Official U.S. diplomatic recognition of China was delayed
until 1979, but by the time Chinese table-tennis players
toured American cities in April 1972, the stage was being
set for normalized relations between the two countries.
Chang said that lately,
U.S.-Chinese relations have been strained by disputes
about China's trade surplus with the United States,
China's human rights record and weapons sales, and by
allegations of attempts to use campaign financing to
interfere with the American political process. "This
is an opportunity to re-visit the relationship between
the two nations and to remember the goodwill of ping-pong
diplomacy," he said.
The Chinese delegation
will be led by Zhang Xielin, vice president of the
Chinese Table Tennis Association and an original 1972
tour member.
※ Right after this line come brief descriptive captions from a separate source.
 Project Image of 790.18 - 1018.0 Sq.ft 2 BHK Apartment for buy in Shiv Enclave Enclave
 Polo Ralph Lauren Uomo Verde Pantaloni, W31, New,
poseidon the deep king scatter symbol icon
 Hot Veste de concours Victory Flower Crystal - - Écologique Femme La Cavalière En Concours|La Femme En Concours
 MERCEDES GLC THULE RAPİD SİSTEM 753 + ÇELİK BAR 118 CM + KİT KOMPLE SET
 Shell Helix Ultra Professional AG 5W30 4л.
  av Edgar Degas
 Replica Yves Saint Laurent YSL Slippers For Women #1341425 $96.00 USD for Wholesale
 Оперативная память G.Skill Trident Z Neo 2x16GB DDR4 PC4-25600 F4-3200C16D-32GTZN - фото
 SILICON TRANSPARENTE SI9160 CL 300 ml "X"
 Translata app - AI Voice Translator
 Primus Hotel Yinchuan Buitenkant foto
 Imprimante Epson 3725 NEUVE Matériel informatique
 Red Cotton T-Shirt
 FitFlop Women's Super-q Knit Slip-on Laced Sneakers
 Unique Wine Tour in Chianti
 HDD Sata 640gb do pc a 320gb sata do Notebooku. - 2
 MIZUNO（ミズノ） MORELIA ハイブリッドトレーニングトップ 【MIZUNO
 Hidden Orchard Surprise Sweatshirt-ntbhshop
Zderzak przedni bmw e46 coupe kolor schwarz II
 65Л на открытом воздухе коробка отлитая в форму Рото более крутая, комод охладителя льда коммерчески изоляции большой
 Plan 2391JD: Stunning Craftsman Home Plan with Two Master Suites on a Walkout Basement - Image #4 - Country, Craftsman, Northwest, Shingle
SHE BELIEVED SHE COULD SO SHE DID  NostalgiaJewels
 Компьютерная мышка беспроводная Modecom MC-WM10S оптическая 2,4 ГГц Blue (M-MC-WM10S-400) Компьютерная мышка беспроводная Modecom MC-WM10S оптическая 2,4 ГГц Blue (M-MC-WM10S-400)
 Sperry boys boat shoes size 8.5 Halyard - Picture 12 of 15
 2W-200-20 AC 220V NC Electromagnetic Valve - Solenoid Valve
Xu Yinsheng, the president of the
International Table Tennis Federation and vice chairman
of the Chinese state sports commission, will join the
delegation as a special guest. China's national team head
coach, Cai Zhenhua, and several members of the original
1972 "Friendship First" tour are also slated to
come. The entire tour will be recorded by a film crew for
broadcast to Chinese audiences in August.
Among the Chinese players
at the Maples Pavilion exhibition will be Deng Yaping,
considered the best woman table tennis player in history,
according to tournament organizer Dennis Davis, the U.S.
national table tennis coaching chairman. A world champion
since 1991, Deng won two gold medals each in the 1996 and
1992 Olympics. The men's team will be led by Liu
Guoliang, 1997 world men's team champion and a double
gold medalist at the 1996 Olympics. They will be joined
by Yang Ying and Ding Song, members, respectively, of the
women's and men's '97 world champion teams.
The Northern California
team includes Khoa Nguyen of San Jose, a U.S. men's world
team member from 1987 to 1995; Shashin Shodhan of
Fremont, a 1996 U.S. high school boy's champion who is
now a sophomore at the University of California-Berkeley;
Tawny Banh of Los Angeles, a 1997 U.S. women's world team
member, and Michelle Do of Milpitas, who currently ranks
No. 1 among U.S. girl players under 16.
The table tennis matches
are scheduled for 6 p.m. on Sunday, July 27, at
Stanford's Maples Pavilion. Tickets may be purchased by
phone at (510) 601-8932 or (408) 287-5680, on the web at
www.ticketweb.com. The reception is scheduled for 7:15
p.m. on Monday, July 28, at the Stanford Faculty Club.